» **The task**: From the data that follows, copy every line holding the string "Plot".

» **Materials provided**:
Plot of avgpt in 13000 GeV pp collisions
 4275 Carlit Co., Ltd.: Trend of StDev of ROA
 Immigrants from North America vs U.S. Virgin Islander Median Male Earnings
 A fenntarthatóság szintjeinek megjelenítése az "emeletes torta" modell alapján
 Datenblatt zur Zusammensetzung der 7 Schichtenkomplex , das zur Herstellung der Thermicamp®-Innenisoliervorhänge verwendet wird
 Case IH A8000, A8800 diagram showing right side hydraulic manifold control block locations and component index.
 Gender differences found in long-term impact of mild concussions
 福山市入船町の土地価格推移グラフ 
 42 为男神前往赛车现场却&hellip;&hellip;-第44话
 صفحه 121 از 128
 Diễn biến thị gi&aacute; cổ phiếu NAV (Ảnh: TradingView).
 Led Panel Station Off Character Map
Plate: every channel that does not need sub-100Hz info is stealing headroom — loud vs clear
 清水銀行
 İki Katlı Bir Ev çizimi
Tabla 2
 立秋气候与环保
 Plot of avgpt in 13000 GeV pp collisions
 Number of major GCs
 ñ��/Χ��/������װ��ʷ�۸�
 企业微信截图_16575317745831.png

» **Response for this exercise**:
Plot of avgpt in 13000 GeV pp collisions
 Plot of avgpt in 13000 GeV pp collisions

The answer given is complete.